The board of Twitter has chosen to use the poison pill strategy previously used successfully by Kohls and Yahoo. But this is a very different story. The board is going to print up more shares of Twitter that will dilute the shares, shareholders already own, but they will be able to buy shares at a discounted price but they won’t sell to Musk. That would make a takeover too expensive for Musk.
There are several things that could happen. Twitter could be the target of lawsuits, claiming that the board was not living up to its fiduciary responsibilities. That could create major problems for the board, especially if they win, which is quite possible. Elon Musk is offering a premium for the company’s stock, but the board is trying to prevent the deal from becoming reality. But, any judge would have to consider what would have been best for the investor.
Then again, Musk could start a proxy fight and if he could get 51% of the votes either by buying stock or getting a proxy from investors totaling at least 51%. Should that happen, he could fire the board and stop the sale of the additional stock. In this scenario, he could very well end up owning Twitter, although it is doubtful that he could buy all of the stock and take the company private. But, he would have control.
The third option is Musk finding someone who could come forward with a larger bid, who would be acceptable to the Gestapo at Twitter. In fact, another possible suitor has come forward and they have bought more stock than Musk has. Thoma Bravo, a private-equity firm owned by Puerto Rican billionaire Orlando Bravo, has made it clear that they intend to outbid Musk for Twitter. But, if they do, Musk can dump his stock for much more than he paid for it. The profits could go to building his own site. He really can’t lose no matter what happens.
The Daily Wire reported Friday:
“Twitter, Inc. today announced that its Board of Directors has unanimously adopted a limited duration shareholder rights plan (the ‘Rights Plan’),” a press release from the company said. “The Board adopted the Rights Plan following an unsolicited, non-binding proposal to acquire Twitter.”
“The Rights Plan is intended to enable all shareholders to realize the full value of their investment in Twitter,” it continued. “The Rights Plan will reduce the likelihood that any entity, person or group gains control of Twitter through open market accumulation without paying all shareholders an appropriate control premium or without providing the Board sufficient time to make informed judgments and take actions that are in the best interests of shareholders.”
“The Rights Plan does not prevent the Board from engaging with parties or accepting an acquisition proposal if the Board believes that it is in the best interests of Twitter and its shareholders,” Twitter said.

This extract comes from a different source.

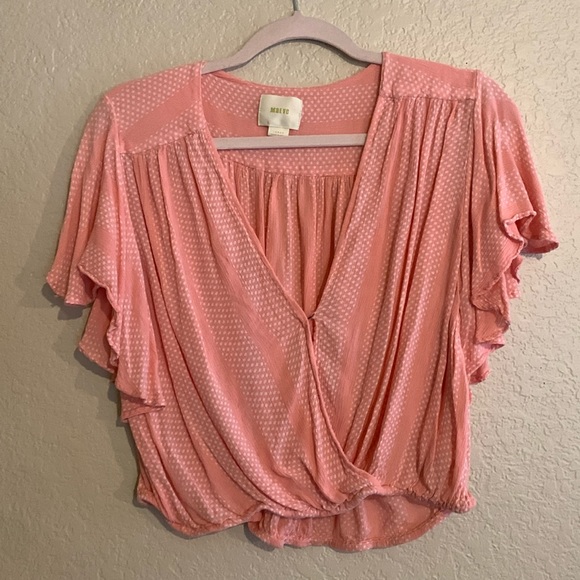 Maeve Tops - Maeve Pink Surplice Top (L)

“Under the Rights Plan, the rights will become exercisable if an entity, person or group acquires beneficial ownership of 15% or more of Twitter’s outstanding common stock in a transaction not approved by the Board,” the company added. “In the event that the rights become exercisable due to the triggering ownership threshold being crossed, each right will entitle its holder (other than the person, entity or group triggering the Rights Plan, whose rights will become void and will not be exercisable) to purchase, at the then-current exercise price, additional shares of common stock having a then-current market value of twice the exercise price of the right.”